Skip to content

Learner Language Modeling at NICT

About a month ago, some researchers from NICT (Japan’s National Institute of Information and Communications Technology) came to visit ISI and give a series of short presentations on their work. Among those presenting was Emi Izumi, a woman who is involved in research very similar to mine. She, and a few others over there, have been working on modeling mistakes in learner language–specifically, typical Japanese school-taught learners of English. I expect they have encountered much less logistical details than we have with tactical language (namely, shortage of language-learner-speakers, native-speaker-annotators, and pre-existing speech data models)… lucky them.

Interestingly, their work is very complementary to my own–while I have concentrated on phonology-related errors, they have put more effort into syntax and morphosyntax. It looks like there’s a lot of future for further cooperation here =).

They have also created a healthy-sized annotated database of learner speech, the NICT JLE Corpus. In accordance with their research, the corpus is rich with syntactic errors (but, unfortunately, mispronunciations are replaced with learner-intended words where they are understandable).

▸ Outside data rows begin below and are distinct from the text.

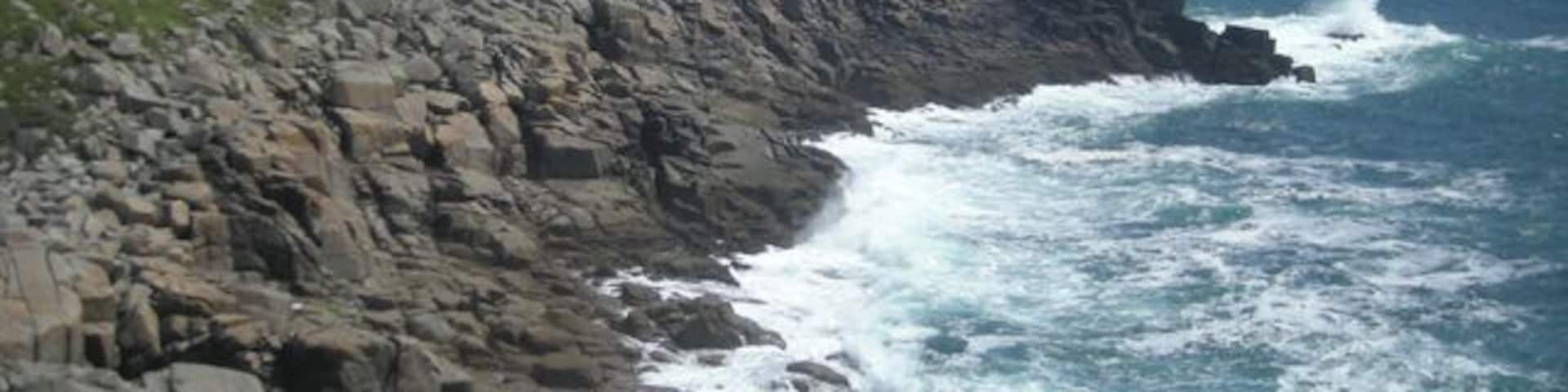 A rocky coastline with waves crashing against the shore.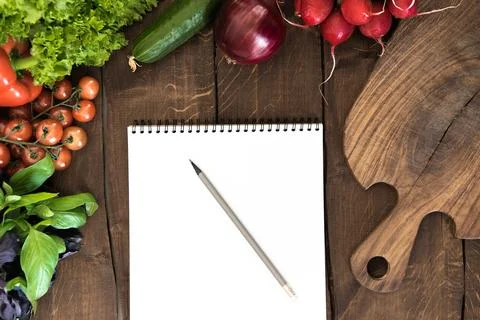 Notepad with raw vegetables 写真素材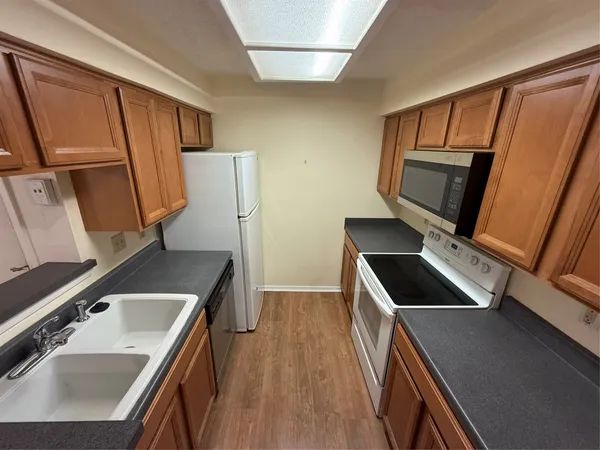 a kitchen that has a sink and wooden floor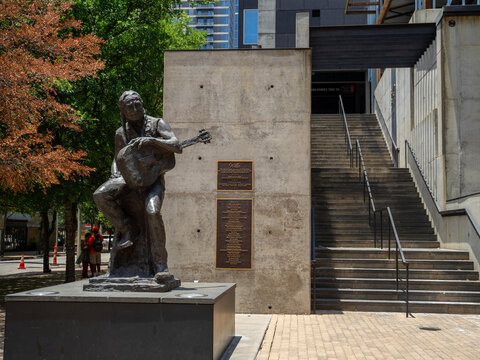 Metal Statue of Willie Nelson Holding Guitar With Monument Plaque in Downtown Austin, Texas
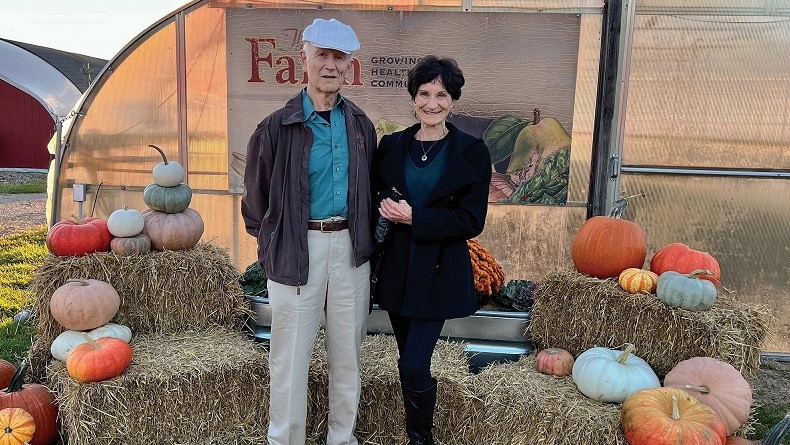 Herbert and Karla standing among pumpkins at The Farm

I’m curious how I can use this corpus to benefit my own research. While I expect many errors to be language-dependent–unique to the interaction between the L1 and L2 involved–I am sure there are some language universals that come into play–and, as I’m dealing with a paucity of data, I can at least use a Japanese model as a bootstrap.
Of course, once I get enough data, it will be really cool to compare relative statistics–get a glimpse of what exactly is universal…

I have uploaded a few of Izumi’s papers here, to my citeulike page.